Supreme Master Television
- Country: United States
- Broadcast area: Worldwide
- Headquarters: Los Angeles

Programming
- Language: Multiple

Ownership
- Parent: Supreme Master Ching Hai International Association

History
- Founder: Ching Hai

Links
- Webcast: suprememastertv.com/webtv/
- Website: suprememastertv.com

Availability

Terrestrial
- Cignal TV (Philippines): Channel 179 (planned)
- SkyTV (Metro Manila): Channel 19 (planned)

= Supreme Master Television =

Television channel

Supreme Master Television is a US-based satellite and internet television channel owned by the Supreme Master Ching Hai International Association (SMCHIA), broadcasting from Los Angeles. The linear channel started on September 7, 2006, with an interregnum between January 2, 2012 and October 1, 2017. Its programming is centered primarily on vegetarian and vegan principles according to Ching Hai's teachings. The channel features programs on spirituality, predictions regarding the end times and the return of God's Chosen Messenger, vegan cooking shows, and highlights damages and hurt caused by war and famine, it also includes SMCHIA's philanthropic efforts and recordings of the many spiritual lectures given over previous decades by Supreme Master Ching Hai herself. There is also a news program, Noteworthy News, with an emphasis on uplifting stories, especially from the animal world. SMTV also offered DVDs of its programming in Loving Hut restaurants, alongside its tabloid-influenced publications.

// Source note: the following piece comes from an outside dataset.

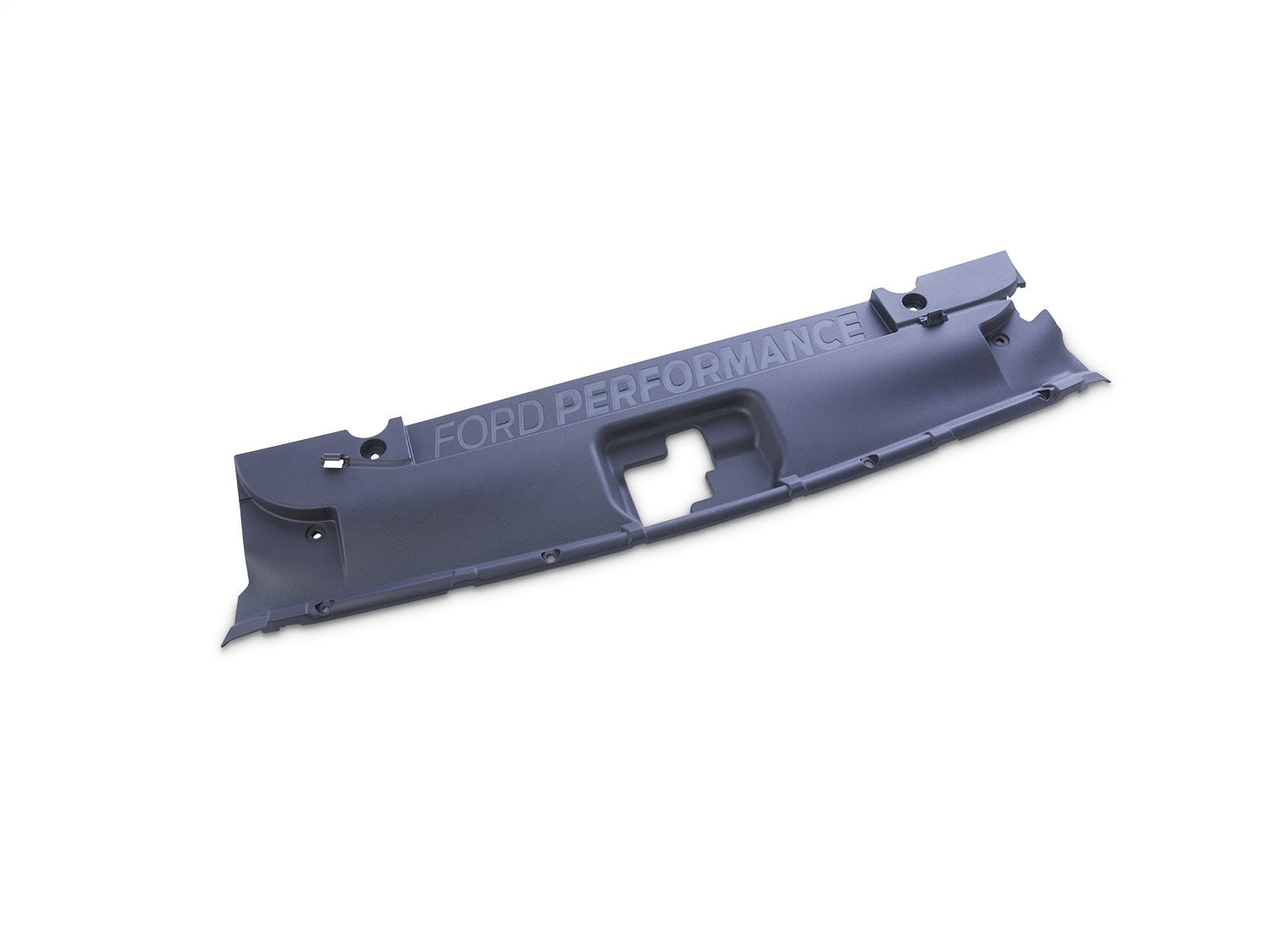 Ford Performance 2015-2017 Mustang Radiator Support Cover - M-8291-FP - Image 5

The channel employs multiple simultaneous subtitles, with most languages appearing horizontally and Chinese (Traditional and Simplified), Japanese and Korean subtitles appearing vertically.

==History==
Initially, its coverage area was limited to Europe, on the Hotbird satellite, uplinked by Deutsche Telekom subsidiary T-Systems. Starting November 16, 2007, it expanded its reach to ten further satellites, achieving worldwide coverage. RRsat was responsible for the uplink in six of these satellites. The channel was approved for carriage on cable operators in Taiwan on March 6, 2008. At the time, its operating capital was US$650,000. In late October 2008, the channel started broadcasting on Dutch cable operator REKAM.

British scriptwriter Robert Popper reviewed Supreme Master Television (which at the time was available on Sky) in a 2010 column for The Guardian, exploring the bizarre nature of the channel. Noteworthy News was seen as "the oddest of the odd", being presented by "semi-humanoid" anchormen. It was also the only news program to feature a joke of the day section, with the joke being delivered in one language.

Supreme Master Television suspended its operations on January 2, 2012. The channel remained on satellite for a while longer, showing a blank screen. One year after the dissolution of the original Supreme Master Television channel, the British holding company that carried the signal to the UK and Ireland, registered in 2007 by Vietnamese officials, was dissolved.

In 2019, its offer in Mongolia was influencing many Buddhists' ideas on meditation and enlightenment, even though they are not sure of the authenticity of her claims.

On November 11, 2024, Supreme Master TV introduced "Supreme Master TV Max", which displays a very large number of screens of Supreme Master TV. Supreme Master Ching Hai's disciples strongly believe that more screens can bring positive effects, such as miracles, world peace, and blessings.

Supreme Master TV now streams live on the web, YouTube, and across several other platforms, including in 2025 on shortwave via US radio station WRMI and others. On YouTube, Supreme Master TV also broadcasts 24/7 "SMTV Triple Compound Interest" (since December 3, 2024), "The Most Powerful Daily Prayer" (since January 27, 2025), and "Between Master and Disciples" (since January 31, 2025).

The channel is also carried on many Loving Hut vegan restaurants financed primarily by initiates/followers of Ching Hai, which is reportedly carried in all of its restaurants.